I will focus on a paper we recently wrote titled "Cluster Analysis of Real Time Location Data - An Application of Gaussian Mixture Models" Breaking down the title, we are trying to identify groups or clusters within a snapshot of 2-dimensional (x,y) Quuppa location data by using a statistical concept called Gaussian Mixture Models. In my presentation I will also highlight the motivation of doing such an analysis and the future directions we hope to pursue.
The data and results of our analysis can look like the picture below.
The points represent individuals wearing the Quuppa tags and the blobby shapes are the results for what we came up with as the groups. This analysis allows us to gain insight into the group locations, shape, and physical size. These phyiscal parameters are useful to visualize this analysis.
While in the example above the groups are neatly divided, this is not always the case. Take a look at the example below without the blobby shapes and see if you can identify the size, shape and location of 4 different groups.
Is this similar to what you got?
As you can see it is not always obvious where a group might exist or who belongs to which group. Likewise to do this work by hand, and mark out the groups for millions of Quuppa data entries would be extremely tedious. Further, our program and analysis also allows us to quickly determine information about group membership (Who is where?) and group membership distribution (How many people are in each group?).
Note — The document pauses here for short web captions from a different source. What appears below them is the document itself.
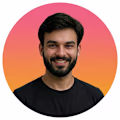 Abdullah  avatar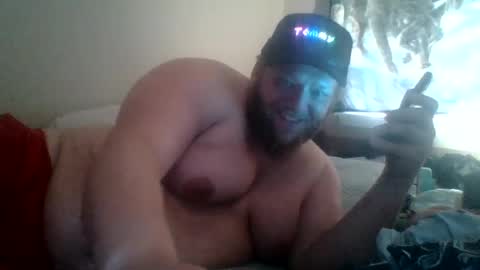 jon603nh online show from July 7, 2026, 1:26 pm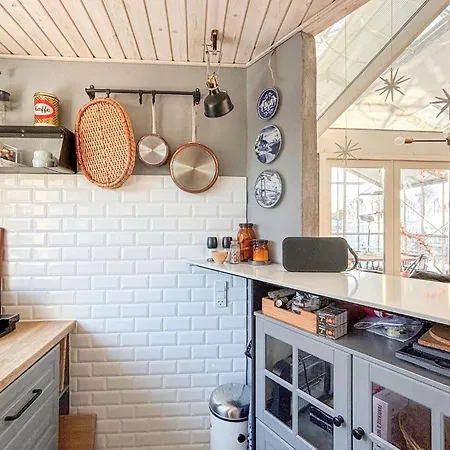 Nyaraló Amazing In With Wifi *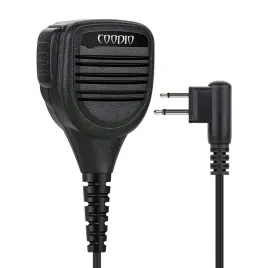 mikrofon-coodio-cfrm2sm8-gruszka-cb-radio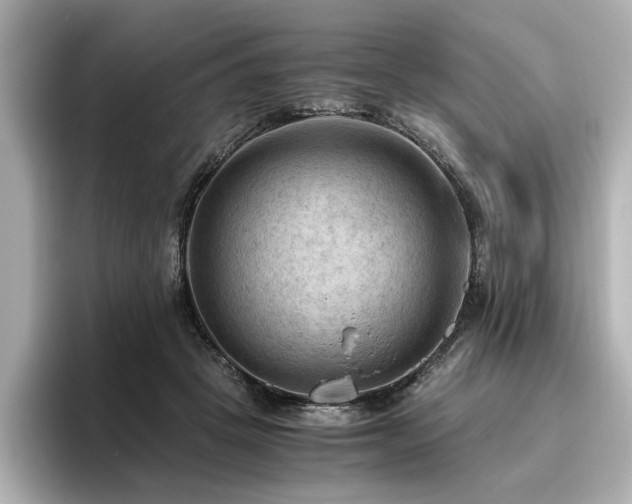 X0000096640457200802051132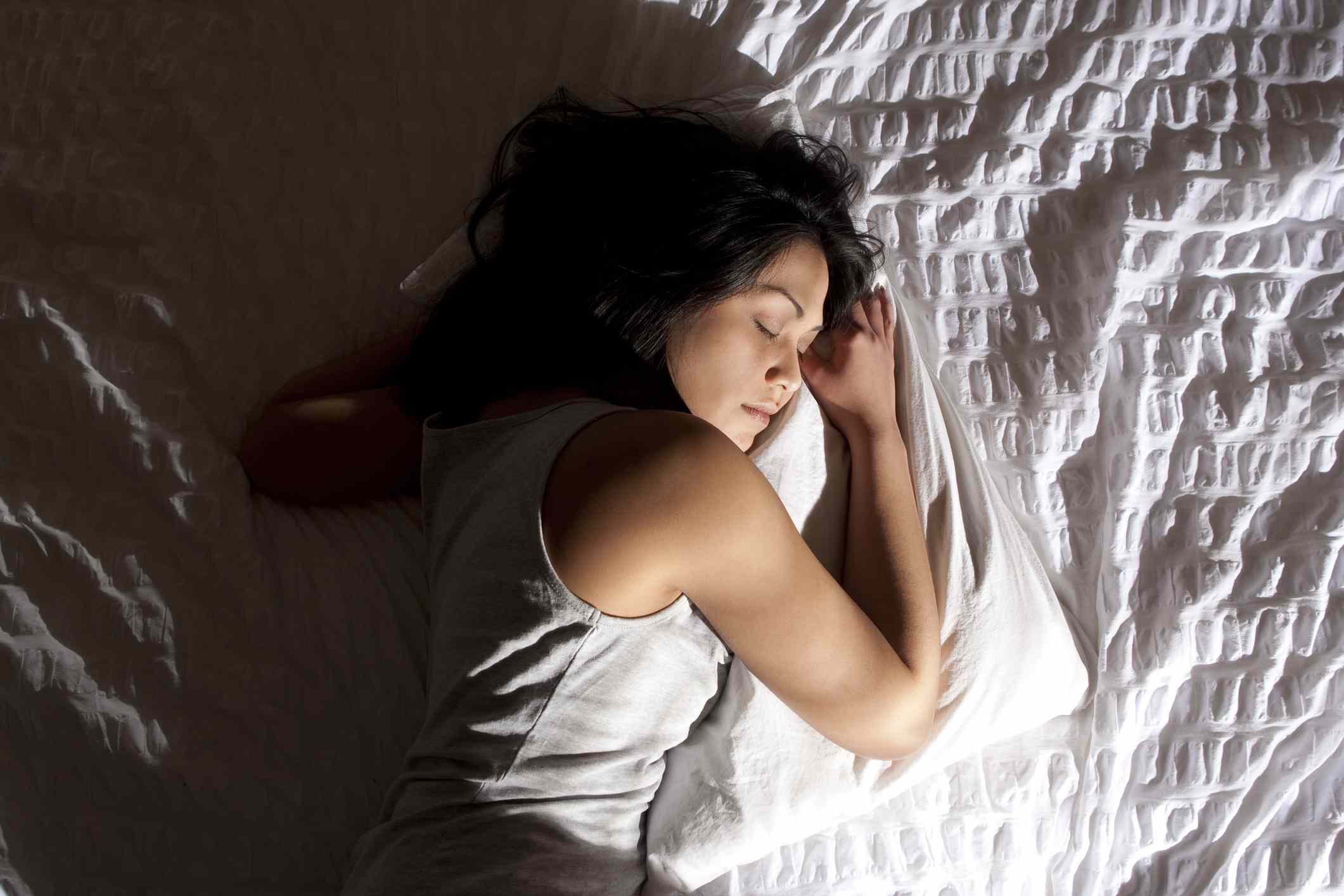 8 лучших подкастов, которые помогут вам уснуть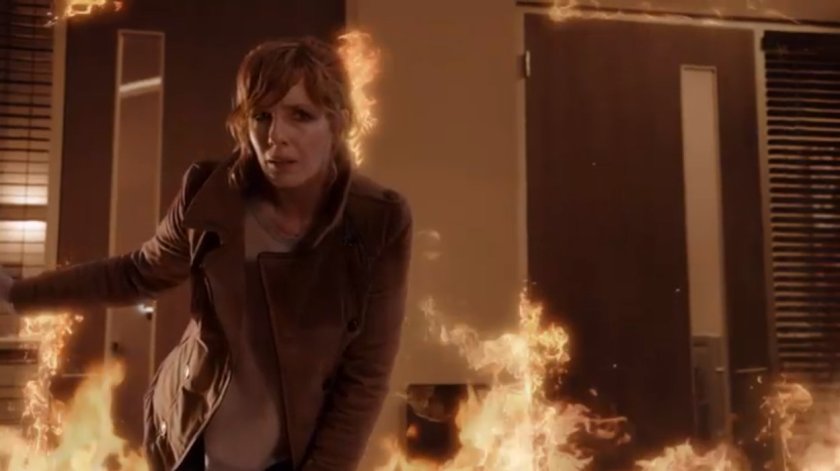 Capture plein écran 14-02-20 211319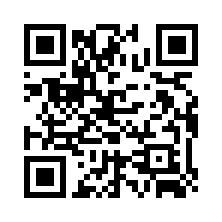QR Code for 1y5o1FLiykKNFUHsHRT9CPjPScaFrFwkE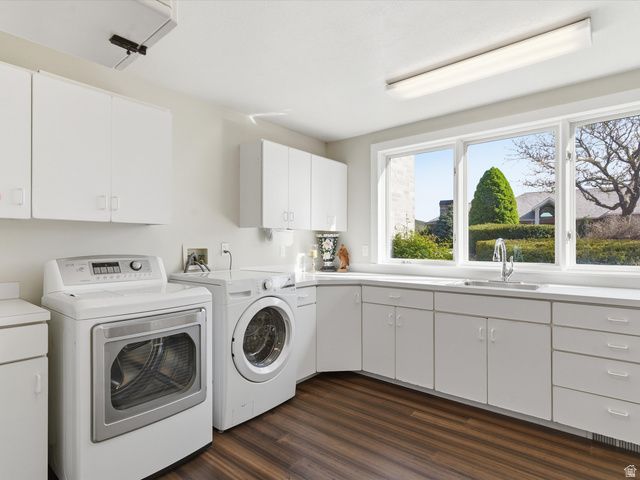 3311 COVE CIR, Layton, UT 84040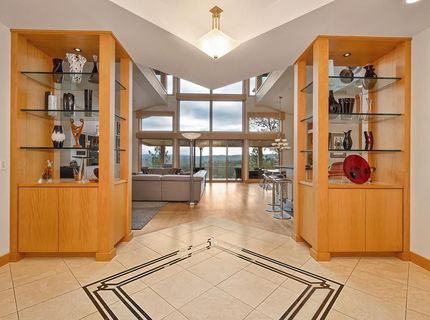 15080 Grand Knoll Drive, Meadow Vista, CA 95722 Photo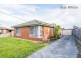 13 Clover Street, St Albans VIC 3021
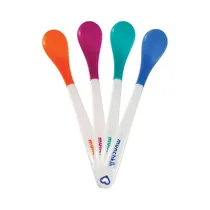  Cuchara 4PC...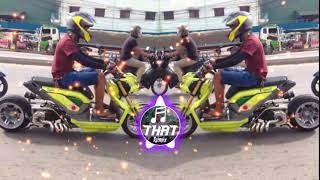 Download lagu Like&Share New Break Club Mix 2018 By ViSal Bot low mp3 Download lagu Like&Share New Break Club Mix 2018 By ViSal Bot low mp3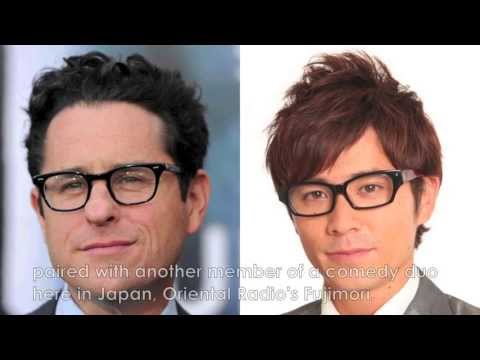 1 Do YOU speak ROBOT English How To Speak Fluent English Confidently English Learning Tips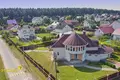 House 321 m² Barawlyany, Belarus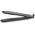Platinum Diamond 235 von BaByliss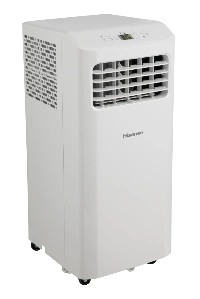 Hisense AP-07CR4GKVS00
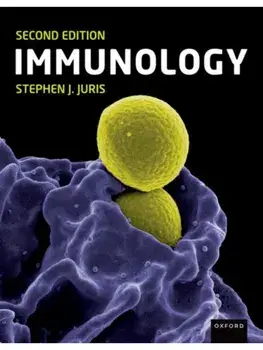 Immunology. 2 Revised edition, Paperback/***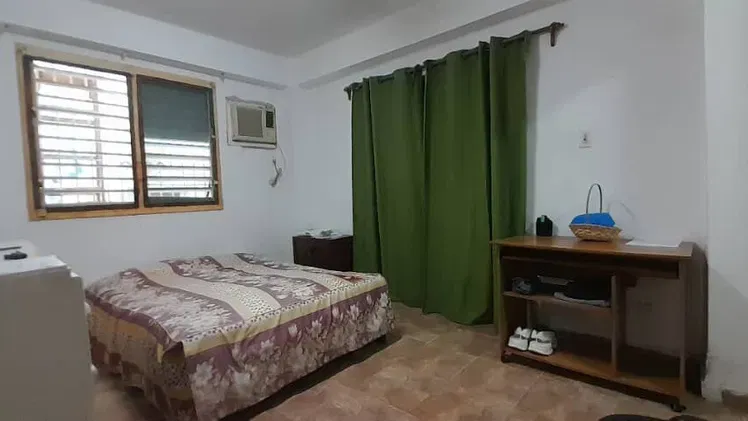 Vista de la propiedad 6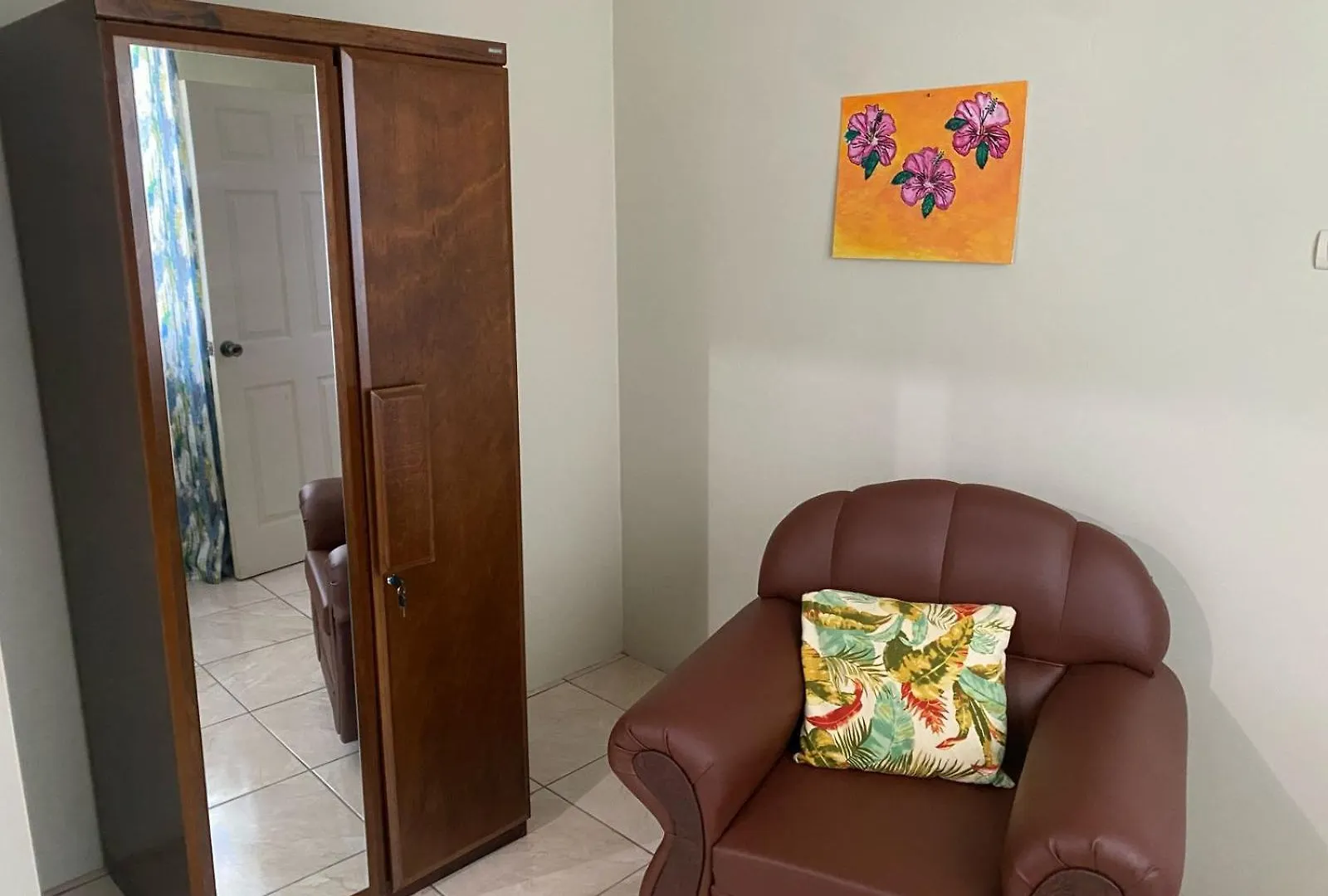Hotel Hibiscus Bliss Getaway San Juan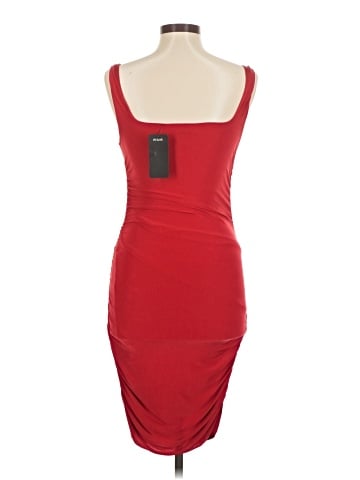 21 Saints Cocktail Dress (view 2)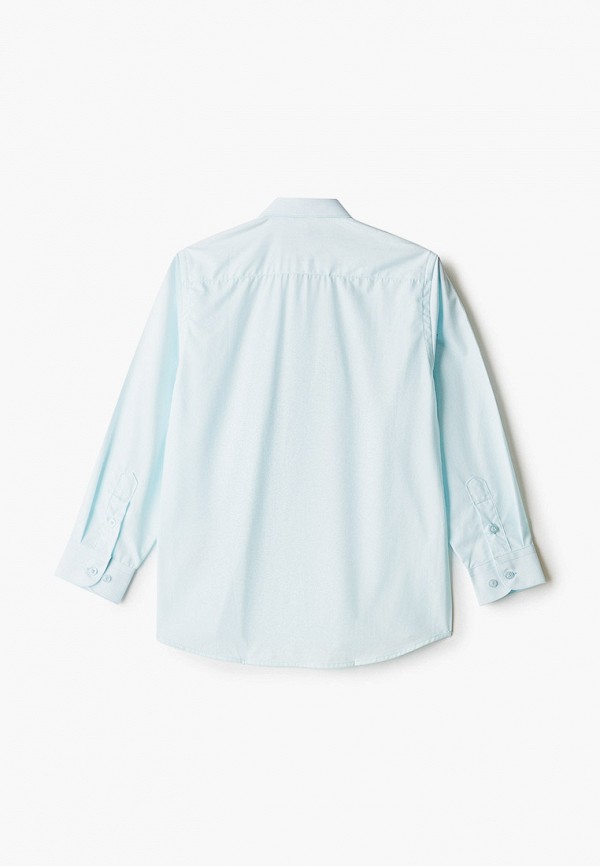 Stenser Рубашка - фото 2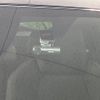 toyota corolla-cross 2024 CFJ1753883 image 6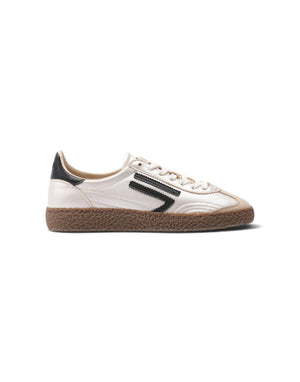 PU601X 079  PU601X 079 Puraai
These parameters are very useful to analyze social dynamics and activity effectiveness during events such as gallery walks, group activities, or other events which may have participants in different stations or groups. In one application we analyzed data from the D&R Quuppa presentation in January where people moved through different stations featuring virtual reality programs. One interesting result we quickly found was that the activity that most people indicated as their favorite was also the one that people spent the most combined time at.
This type of information can be very useful information for creating educational content, organizing events, and understanding their effectiveness; This provides the motivation for our research.
Seeing the physical parameters of the groups such as location, size, and shape is interesting, but ultimately we would like to focus on only the group distributions and membership. Narrowing our focus would allow us to speed up the calculations we make. Group distributions along with group membership throughout time will give help us answer important questions such as "Which group was most popular when?", "How long did people spend in each group?", etc.
Currently, we are also constrained by having to identify how many groups we expect there to be. We can estimate this, by looking at how many stations, activities, or tables there are during an event. To avoid this we are also developing an expanded method which will not be constrained.
In my opinion this research will be very useful to educators, curators, and event organizers to learn about the effectiveness of their work. I also believe this research with its goal of creating knowledge and information is distinct from similar analysis of location data which focus on surveillance.
We are excited to say that our paper was accepted to the Educational Data Mining Conference in Wuhan, China.
I hope to present more on this topic in an engaging way and also answer any questions you may have at this Wednesday's seminar!